Like Redmayne, returning cast members Katherine Waterston, Dan Fogler, Alison Sudol, and Ezra Miller all seem more comfortable in their roles in this second adventure, and more invested in the characters they introduced in Fantastic Beasts. Sudol in particular adds some welcome depth to her character, the bubbly, mind-reading witch Queenie Goldstein, who was one of the standouts in the first film despite limited screen time. Fogler and Miller, on the other hand, feel a bit shortchanged this time around, with dramatically less screen time and less interesting character arcs for both of their characters.

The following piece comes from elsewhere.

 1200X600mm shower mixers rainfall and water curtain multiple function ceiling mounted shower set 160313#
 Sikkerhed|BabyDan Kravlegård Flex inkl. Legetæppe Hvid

While all of that is well and good, The Crimes of Grindelwald takes a big risk by diving into the deep end of the mythology of the Harry Potter universe quite a bit more than expected — and for audiences who might not be as familiar with the source material, probably more than they hoped.
The Crimes of Grindelwald is steeped in the lore of Harry Potter’s saga, introducing one character or magical object after another that references plot points in author J.K. Rowling’s wildly popular books and the movies adapted from them. Rowling penned the scripts for both Fantastic Beasts and The Crimes of Grindelwald, and after delivering an initial spinoff film that was surprisingly friendly to newcomers — even those who might have missed the Harry Potter movies — the sequel flips the script (pardon the pun) with an extremely dense, continuity-heavy story that demands more than a passing knowledge of the timeline to keep up with the events that unfold.
This reliance on a knowledge of the Harry Potter universe beyond what’s occurred on the screen makes for some problematic narrative leaps and seemingly unnecessary character arcs, as Rowlings’ story seems to assume the audience comes into the movie with knowledge of characters, concepts, and family trees that just weren’t imparted by the big-screen adaptations of the books. At times, The Crimes of Grindelwald feels like the sixth or seventh chapter of a story, not the second, and although that might not be an issue for fans of the Harry Potter universe who can fill in the narrative gaps from their own knowledge base, those gaps can easily trip up a more mainstream audience at best, and become bottomless pits for anyone even less familiar with the saga so far.
As with many of the middle installments of the Harry Potter movie series, The Crimes of Grindelwald is essentially a bridge story, as there’s little in the way of resolution at the end of the film. Anyone expecting another Fantastic Beasts that manages to be both a satisfying stand-alone adventure and an expanded look at the Harry Potter universe will find a lot of the latter, but little of the former. To say that it ends on a cliffhanger isn’t entirely accurate, as The Crimes of Grindelwald feels more akin to the end of one chapter in a novel, rather than the end of one novel in a series.
Opinions will certainly be mixed on The Crimes of Grindelwald, which is absolutely beautiful to look at and hits all the right marks for a big-screen, theatrical experience, but falls frustratingly short as a fully fleshed-out movie. What it lacks in accessibility for mainstream audiences and narrative cohesion, it certainly makes up for in spectacle.